Research

We investigate momentum transport and boundary-layer development at the interface between free-flow regions and porous materials using high-resolution microfluidic experiments. Our work combines Hele–Shaw micromodels, micro-PIV velocimetry, and analytical Darcy–Brinkman modeling to reveal how permeability, porosity, and interfacial geometry govern slip velocity, channeling, and transport across scales. These studies provide experimentally validated frameworks for coupled free-flow/porous-media systems relevant to microfluidics, energy systems, transpiration cooling, filtration, and transport in engineered porous structures. Recent results demonstrated permeability-dependent boundary-layer formation, experimentally validated viscosity-invariant slip length behavior, and exact analytical solutions for laminar flow near permeable interfaces.

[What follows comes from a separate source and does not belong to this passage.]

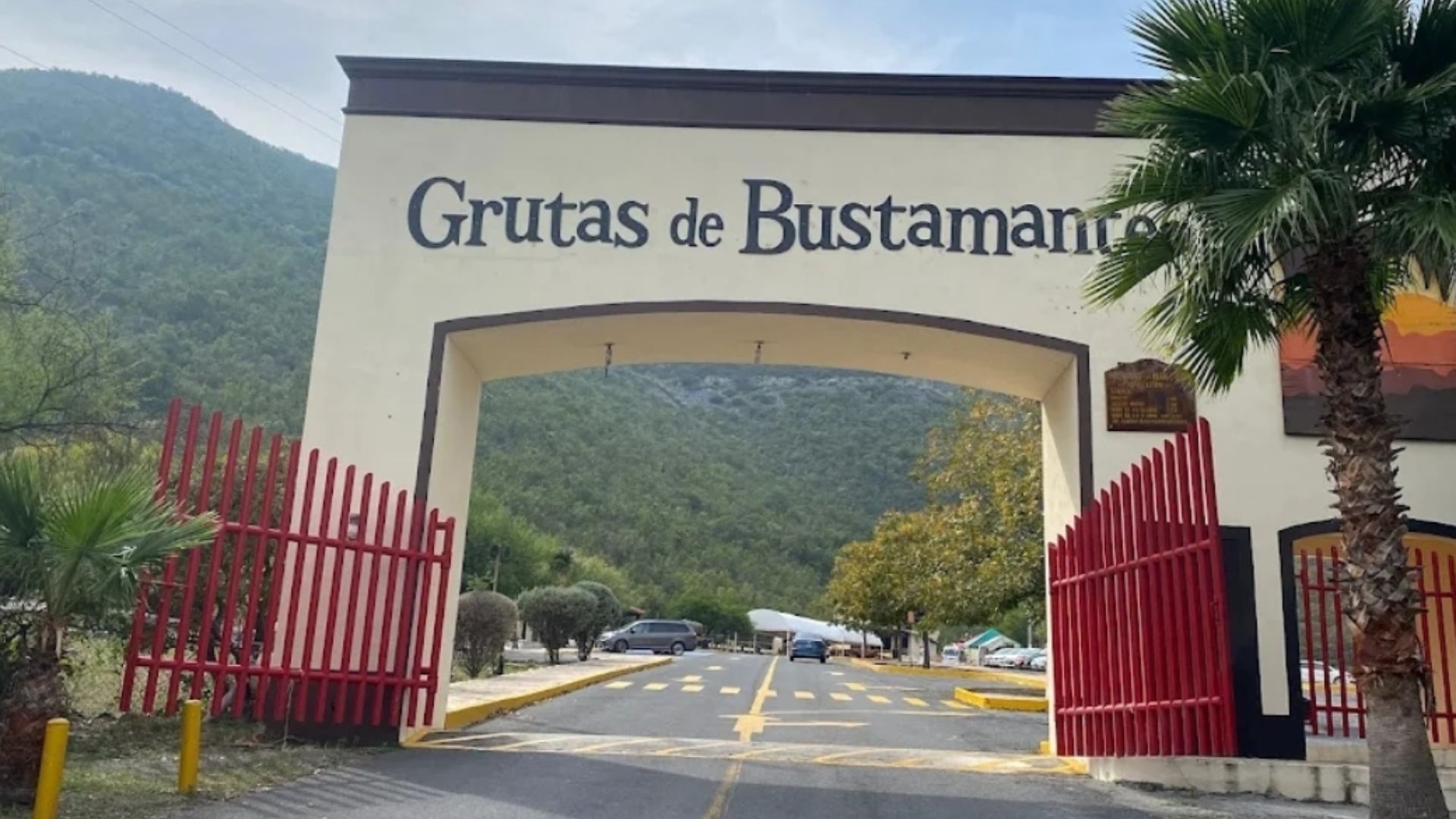 Grustas de Bustamante NL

Microfluidic convergent nozzles enable the generation of ultra-thin planar liquid sheets that subsequently atomize into highly controllable sprays, offering a compact and efficient approach for thermal management in confined spaces. By tailoring nozzle geometry and operating conditions, the morphology, breakup dynamics, droplet-size distribution, and cooling footprint of the spray can be precisely controlled. These planar sheet sprays provide localized high heat-flux cooling while occupying significantly smaller volumes than conventional spray systems, making them attractive for electronics cooling, aerospace thermal management, and advanced energy technologies.

Our research combines high-speed imaging, laser-based spray diagnostics, and infrared thermal imaging to investigate the coupled fluid-dynamic and heat-transfer mechanisms governing sheet formation, atomization, and spray impingement cooling. Through experimentally validated scaling frameworks, we aim to establish predictive design methodologies for next-generation compact spray-cooling systems.